I have a Brother DCP195C printer. I search the driver for FreeBSD 9.1-p3. I'm trying with CUPS PHP admin tools, but there are no drivers for Brother. The printer is connected via USB and I want to share the printer over the network.

Regards
Phil


----------



## tingo (May 12, 2013)

As always, please check the openprinting.org database, preferably before buying a printer. The Brother DCP-195C isn't even listed at openprinting.org, and doesn't turn up in Google searches either. In effect, you printer isn't usable with FreeBSD - it's a paperweight.
It might be possible to get it working with Linux, if you have a Linux machine in your network.


----------



## jalla (May 12, 2013)

If you download the linux drivers from Brother you can probably use them with a little bit of work.
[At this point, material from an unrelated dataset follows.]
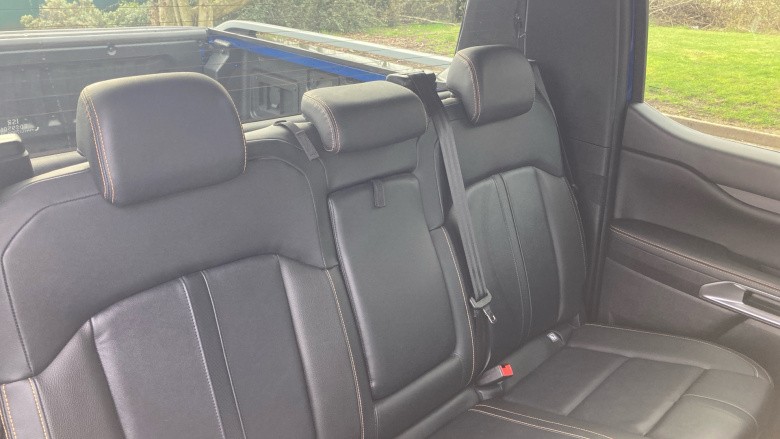 Ford Ranger Diesel Pick Up Double Cab Wildtrak 2.0 EcoBlue 205 Auto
A few notes on how to do this with some other models from Brother is here.


----------



## jem (May 17, 2013)

This printer, like my own Brother HL-1030, might be a so-called "winprinter".  This means that most of the intelligence is implemented in the driver software, which is usually only provided for Windows and maybe Mac OS.  The printer itself is a pretty dumb device and is almost useless without the drivers.

It's difficult to get such printers working with UNIX, although it's still possible to share such a printer over the network from a FreeBSD server, and access it using the TCP/IP printer port type on Windows clients.

I found the following useful when trying this in the past: http://www.kazame.net/2011/02/samba-with-lpr/


----------